Install Date          : 2021-04-21
Install Reason        : Explicitly installed
Signatures            : Yes
Backup files          : /etc/cni/net.d/87-podman-bridge.conflist

Have you tested with the latest version of Podman and have you checked the Podman Troubleshooting Guide?

Yes

Additional environment details (AWS, VirtualBox, physical, etc.):

mheon commented 3 years ago

Doesn't look like Seccomp. Our default profile lives at https://github.com/containers/common/blob/master/pkg/seccomp/seccomp.json#L80 and you can see that close_range is in the list of allowed calls.

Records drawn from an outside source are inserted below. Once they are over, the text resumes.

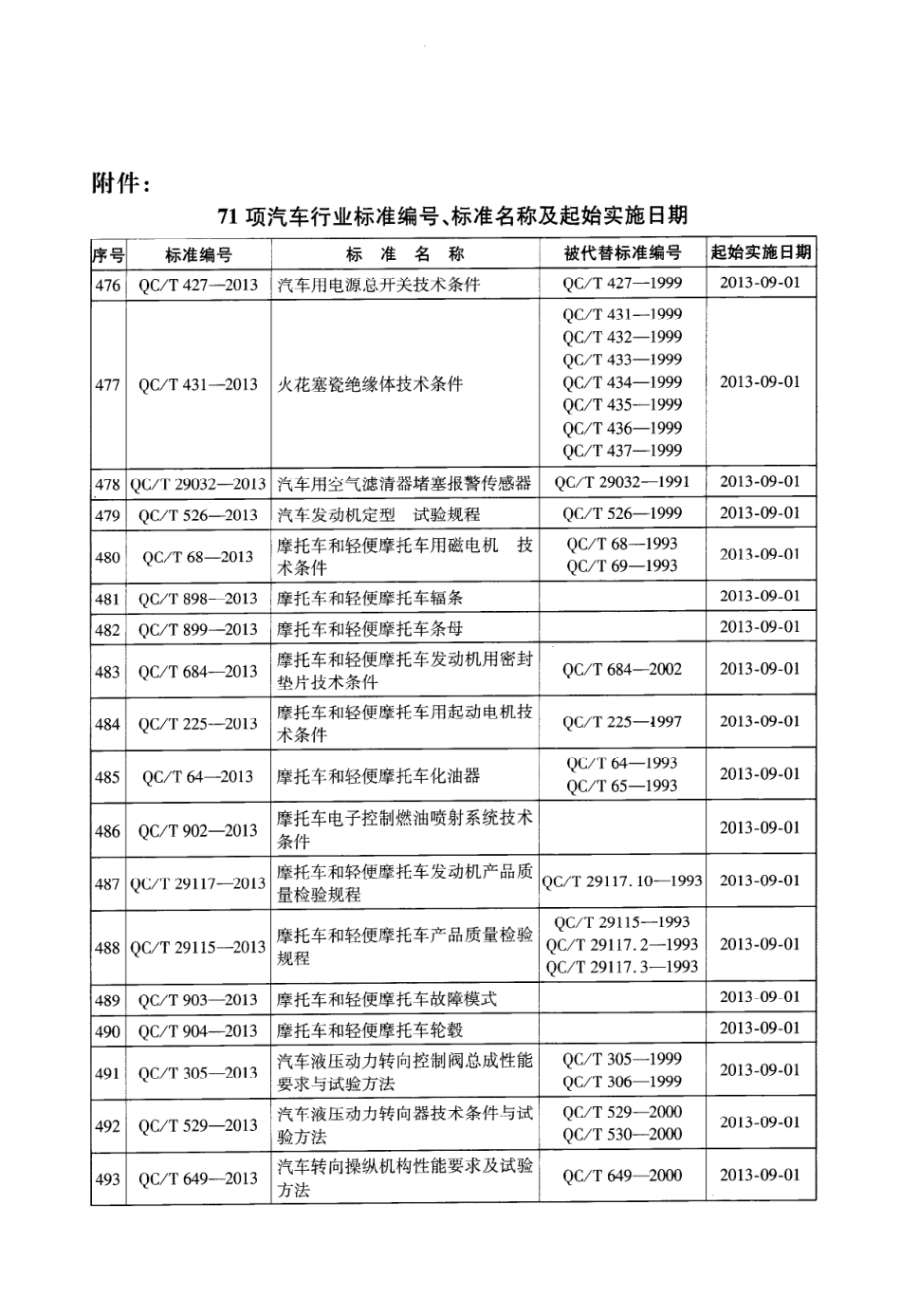 QC T 48-2013 汽车电喷汽油机汽油滤清器总成技术条件.pdf_第3页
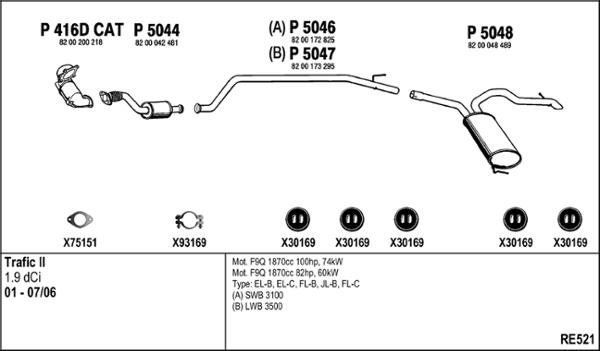 Fenno RE521 - Impianto gas scarico autozon.pro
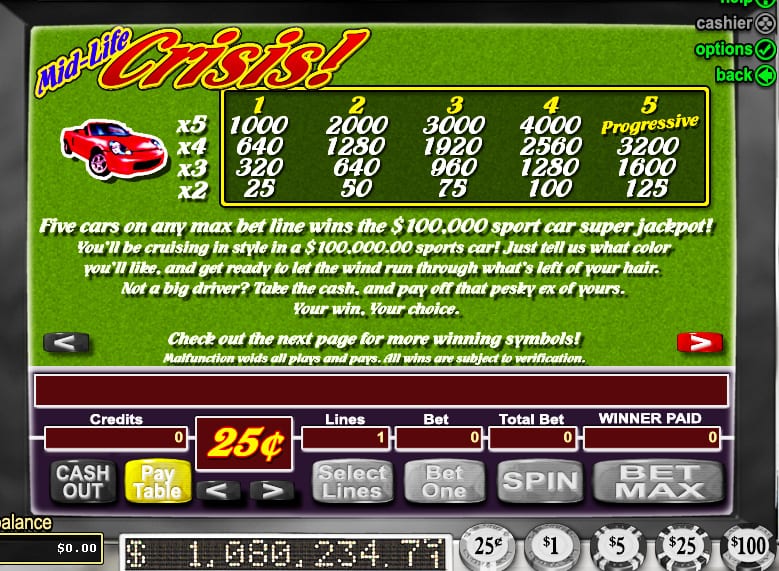 How To Win The Mid Life Crisis Slots Progressive Jackpot?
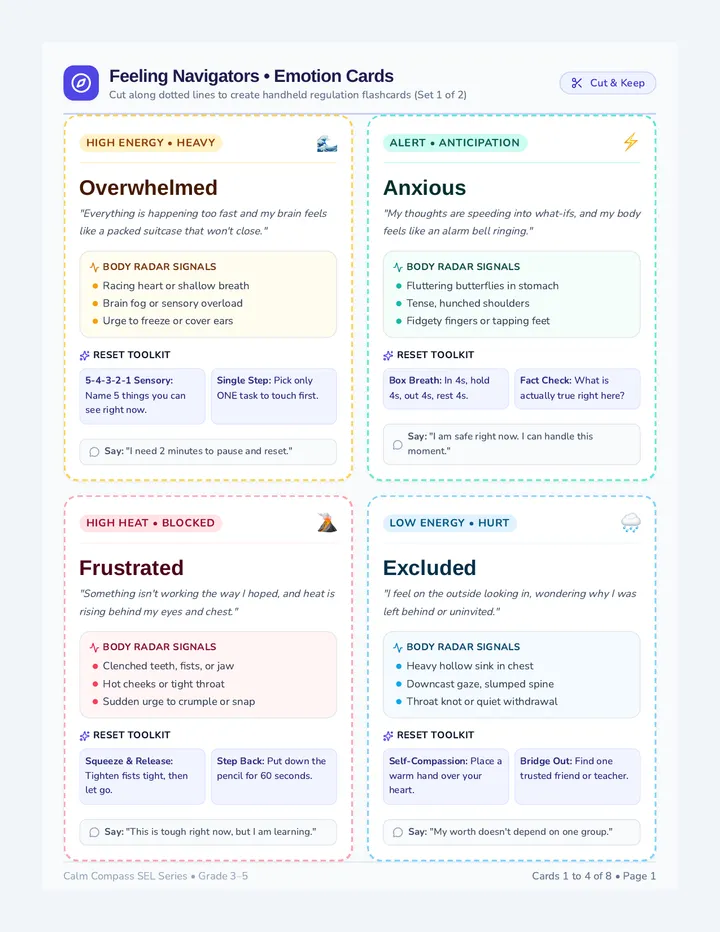 Feeling Navigators Card Set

smac89 commented 3 years ago

@mheon Do you have any other explanation for this behavior?

The reason I brought up seccomp is because like I said, using --security-opt seccomp=unconfined allows the container to run just fine. So why does this flag work if the problem has nothing to do with seccomp?

I've used strace in the real container: once with the flag and once without. With the flag, the strace log shows that the close_range syscall succeeds:

574   close_range(0, -1, CLOSE_RANGE_CLOEXEC <unfinished ...>
557   <... poll resumed>)               = 0 (Timeout)
559   futex(0x55b1c61a09b0, FUTEX_WAKE_PRIVATE, 1 <unfinished ...>
574   <... close_range resumed>)        = 0

Without the flag, we get the following:

571   close_range(0, -1, CLOSE_RANGE_CLOEXEC) = -1 EPERM (Operation not permitted)
571   +++ exited with 127 +++

(The numbers beside each syscall is the process id)

mheon commented 3 years ago

Can you verify what profile is in use in the container you're running in? The default Podman profile does allow the syscall, so I have to assume your system may not be using the default

mheon commented 3 years ago

The default profile should live at /usr/share/containers/seccomp.json. However, if an alternative is present at /etc/containers/seccomp.json we will use that one instead.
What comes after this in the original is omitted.